§ ACTIVITY:
Find the line containing "9ct gold tourmaline wishbone ring" in the data below and repeat it, along with all later lines, exactly through the last one.

§ RECORDS:

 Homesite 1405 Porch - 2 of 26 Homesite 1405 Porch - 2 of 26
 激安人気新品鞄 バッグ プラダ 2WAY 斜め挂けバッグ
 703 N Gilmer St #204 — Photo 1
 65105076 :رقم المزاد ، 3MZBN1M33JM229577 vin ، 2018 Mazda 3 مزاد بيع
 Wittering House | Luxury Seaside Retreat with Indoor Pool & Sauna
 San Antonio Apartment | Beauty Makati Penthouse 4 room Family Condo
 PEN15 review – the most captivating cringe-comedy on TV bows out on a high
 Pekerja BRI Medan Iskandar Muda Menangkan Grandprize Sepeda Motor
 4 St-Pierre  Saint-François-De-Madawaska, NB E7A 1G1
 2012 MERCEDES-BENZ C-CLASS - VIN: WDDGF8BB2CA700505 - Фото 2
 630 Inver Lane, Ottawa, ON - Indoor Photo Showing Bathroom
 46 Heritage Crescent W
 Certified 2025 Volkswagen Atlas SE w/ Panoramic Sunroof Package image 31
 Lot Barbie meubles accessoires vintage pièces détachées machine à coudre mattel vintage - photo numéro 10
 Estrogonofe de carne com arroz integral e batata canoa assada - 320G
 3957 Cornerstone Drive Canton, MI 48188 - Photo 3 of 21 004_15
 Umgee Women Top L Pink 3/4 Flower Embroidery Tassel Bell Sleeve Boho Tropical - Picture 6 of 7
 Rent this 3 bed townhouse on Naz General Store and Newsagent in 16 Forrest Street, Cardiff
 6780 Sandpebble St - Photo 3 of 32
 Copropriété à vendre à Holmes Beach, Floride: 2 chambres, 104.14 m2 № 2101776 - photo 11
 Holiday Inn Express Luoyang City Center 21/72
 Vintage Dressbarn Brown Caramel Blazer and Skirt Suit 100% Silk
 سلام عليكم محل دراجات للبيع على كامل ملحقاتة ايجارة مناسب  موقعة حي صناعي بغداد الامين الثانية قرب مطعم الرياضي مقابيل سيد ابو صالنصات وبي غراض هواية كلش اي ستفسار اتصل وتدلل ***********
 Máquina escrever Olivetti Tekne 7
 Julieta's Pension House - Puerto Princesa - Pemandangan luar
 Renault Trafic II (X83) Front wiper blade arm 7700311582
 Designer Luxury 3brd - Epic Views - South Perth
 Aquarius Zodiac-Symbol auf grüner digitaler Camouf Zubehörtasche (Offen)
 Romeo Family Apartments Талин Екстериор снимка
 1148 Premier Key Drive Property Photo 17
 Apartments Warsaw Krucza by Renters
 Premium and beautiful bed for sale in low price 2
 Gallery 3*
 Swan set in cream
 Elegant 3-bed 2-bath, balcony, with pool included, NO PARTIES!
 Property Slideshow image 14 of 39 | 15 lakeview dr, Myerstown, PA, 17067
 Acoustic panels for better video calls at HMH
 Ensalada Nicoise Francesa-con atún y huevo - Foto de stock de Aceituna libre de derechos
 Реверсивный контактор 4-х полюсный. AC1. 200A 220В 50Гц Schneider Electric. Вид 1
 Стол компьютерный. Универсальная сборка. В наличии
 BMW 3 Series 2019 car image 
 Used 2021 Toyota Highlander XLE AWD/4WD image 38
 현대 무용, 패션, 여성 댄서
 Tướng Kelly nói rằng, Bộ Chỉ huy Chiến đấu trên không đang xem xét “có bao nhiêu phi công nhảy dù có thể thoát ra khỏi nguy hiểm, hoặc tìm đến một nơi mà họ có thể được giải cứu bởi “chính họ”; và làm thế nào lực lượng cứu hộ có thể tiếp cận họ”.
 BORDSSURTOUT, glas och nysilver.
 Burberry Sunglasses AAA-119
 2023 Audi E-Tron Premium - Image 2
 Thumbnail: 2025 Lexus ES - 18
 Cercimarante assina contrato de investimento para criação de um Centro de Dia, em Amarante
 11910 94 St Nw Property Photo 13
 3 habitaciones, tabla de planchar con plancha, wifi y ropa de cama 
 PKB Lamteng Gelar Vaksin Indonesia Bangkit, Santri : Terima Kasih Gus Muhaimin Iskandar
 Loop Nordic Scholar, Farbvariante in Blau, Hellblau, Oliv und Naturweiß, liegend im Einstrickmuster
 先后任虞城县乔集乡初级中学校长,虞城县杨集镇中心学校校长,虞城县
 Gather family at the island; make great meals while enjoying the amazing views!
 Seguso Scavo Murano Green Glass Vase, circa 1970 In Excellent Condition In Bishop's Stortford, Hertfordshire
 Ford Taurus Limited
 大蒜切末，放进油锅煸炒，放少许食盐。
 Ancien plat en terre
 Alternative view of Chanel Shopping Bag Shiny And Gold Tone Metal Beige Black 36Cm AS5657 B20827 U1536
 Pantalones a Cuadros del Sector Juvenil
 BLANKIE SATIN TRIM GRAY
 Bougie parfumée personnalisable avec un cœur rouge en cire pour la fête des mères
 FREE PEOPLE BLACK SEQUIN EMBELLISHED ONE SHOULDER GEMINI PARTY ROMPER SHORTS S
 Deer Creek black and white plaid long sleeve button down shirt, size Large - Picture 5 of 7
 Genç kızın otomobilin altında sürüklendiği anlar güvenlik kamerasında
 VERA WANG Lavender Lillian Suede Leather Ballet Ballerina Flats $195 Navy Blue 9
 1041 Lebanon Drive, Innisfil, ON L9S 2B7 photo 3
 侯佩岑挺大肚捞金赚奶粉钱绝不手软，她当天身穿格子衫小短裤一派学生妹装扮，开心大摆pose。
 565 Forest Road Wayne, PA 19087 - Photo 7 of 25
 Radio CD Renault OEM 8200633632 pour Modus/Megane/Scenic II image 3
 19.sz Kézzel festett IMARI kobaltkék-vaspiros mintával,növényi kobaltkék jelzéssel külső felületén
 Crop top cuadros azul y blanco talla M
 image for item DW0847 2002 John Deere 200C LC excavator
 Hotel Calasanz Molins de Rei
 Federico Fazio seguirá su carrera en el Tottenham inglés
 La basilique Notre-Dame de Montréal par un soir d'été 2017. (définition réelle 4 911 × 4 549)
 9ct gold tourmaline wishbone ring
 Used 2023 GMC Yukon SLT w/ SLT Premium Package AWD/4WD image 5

§ ANSWER BELOW:
 9ct gold tourmaline wishbone ring
 Used 2023 GMC Yukon SLT w/ SLT Premium Package AWD/4WD image 5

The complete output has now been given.